Computação de borda é aquela em que o poder computacional está fora dos data centers e servidores, ou seja, está mais próximo à captura de dados para aumentar a velocidade de processamento, comumente com dispositivos remotos. No caso do repositório, trata-se um banco de dados (especificamente imagens), que a inteligência artificial utiliza para entender padrões das espécies selecionadas.

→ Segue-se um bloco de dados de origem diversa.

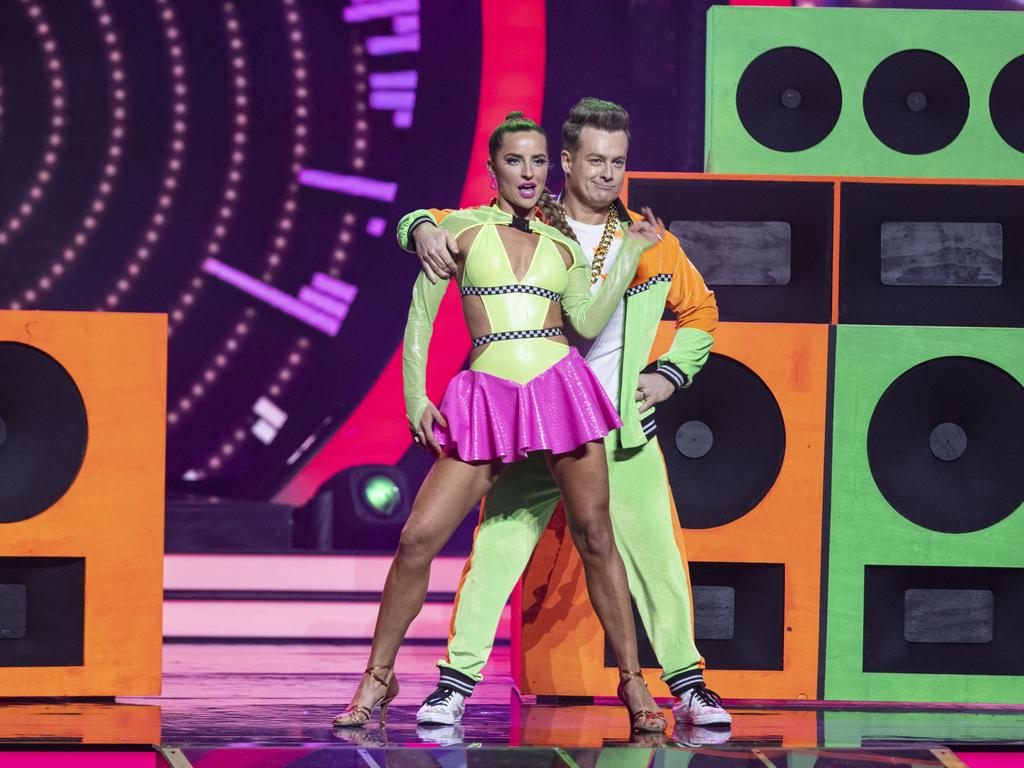 Tasmanian dancer Lily Cornish in Dancing With The Stars | The Mercury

De acordo com o artigo resultante do trabalho, publicado na revista Scientific Reports, os atropelamentos de animais selvagens são um problema recorrente e perigoso, que também afeta humanos e tem recebido cada vez mais atenção de ambientalistas em todo o mundo. Segundo os pesquisadores, a resolução desse problema é desafiadora devido aos elevados investimentos necessários em infraestruturas rodoviárias, para reduzir eficazmente as colisões de veículos com animais selvagens.

Ainda conforme o artigo, apesar das recentes aplicações de técnicas de aprendizagem automática em sistemas de detecção de baixo custo e economicamente viáveis, por exemplo, para alertar os motoristas sobre a presença de animais e recolher estatísticas sobre espécies animais ameaçadas de extinção, o sucesso e a ampla adoção destes sistemas dependem muito da disponibilidade de dados. para treinamento do modelo.

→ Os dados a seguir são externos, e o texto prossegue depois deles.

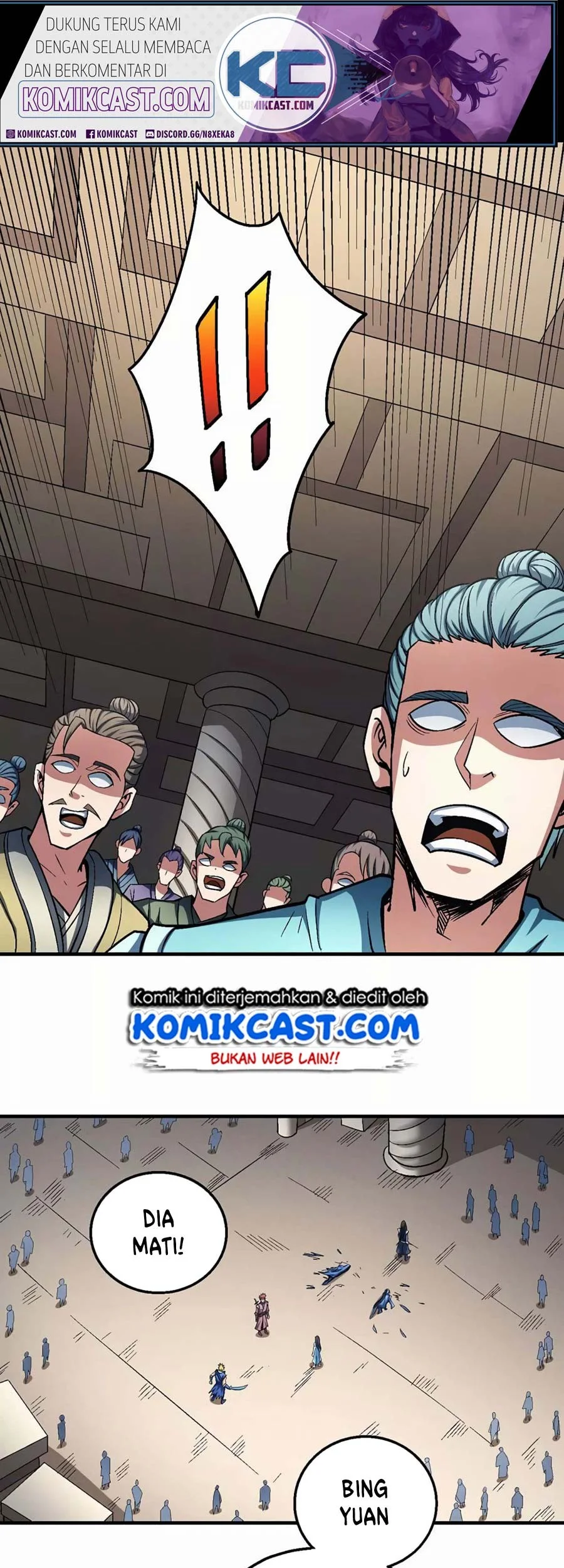 Manhua God of Martial Arts Chapter 357 gambar 2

É aí que entra o repositório sobre espécies da fauna brasileiro, criado durante o projeto. Em termos mundiais, há numerosos relatos de atropelamentos de animais como veados, raposas, coelhos, melros, ouriços e faisões, para citar alguns. No Brasil, as espécies ameaçadas de extinção com grande chance de serem mortas nas rodovias incluem a anta (Tapirus terrestris), a onça-parda (Puma concolor), o jaguarundi ou gato-mourisco (Puma yagouaroundi), tamanduá-bandeira e o lobo-guará (Chrysocyon brachyurus).

Foram essas que os pesquisadores usaram para treinar o modelo de visão computacional que desenvolveram. Para isso, eles criaram o repositório com 1.823 fotos dessas espécies retiradas da internet e editadas, quando necessário, para deixá-las mais definidas e oferecer diversos ângulos para o sistema poder identifica-las. “Logo em seguida escolhemos algumas redes neurais para detecção de objetos para treinamento e testagem sobre vídeos da internet e outros gravados no parque ecológico de São Carlos”, conta Ferrante. “E ao final, realizamos a avaliação de performance em laboratório e em dispositivos de computação de borda.”

Os resultados mostraram que modelo de visão computacional escolhido e suas variantes tornam possível a detecção rápida e precisa em cenários limpos e definidos de animais na pista. Trata-se da arquitetura YOLO, sigla do inglês You Only Look Once, ou “você olha apenas uma vez”, em tradução livre, muito usada para detecção de objetos e seres vivos. “Em imagens feitas durante o dia, em que o animal está bem visível, os modelos treinados por nós detectaram corretamente a espécie em 80% dos casos”, conta Ferrante.

Esse índice cai bastante, quando há interferências do ambientes, como pouca luz e obstáculo entre a câmera e o bicho. Ou seja, os modelos não tiveram um bom desempenho. Apesar disso, os pesquisadores acreditam que o sistema pode vir a ser usado na prática nas estradas do país. “O seu emprego seria possível por meio da utilização de equipamentos de computação de borda mais robustos”, diz Ferrante. “É possível fazer testes com novas arquiteturas de detecção de objetos mais recentes. Além disso, o apoio de concessionárias das rodovias pode ser de grande ajuda.”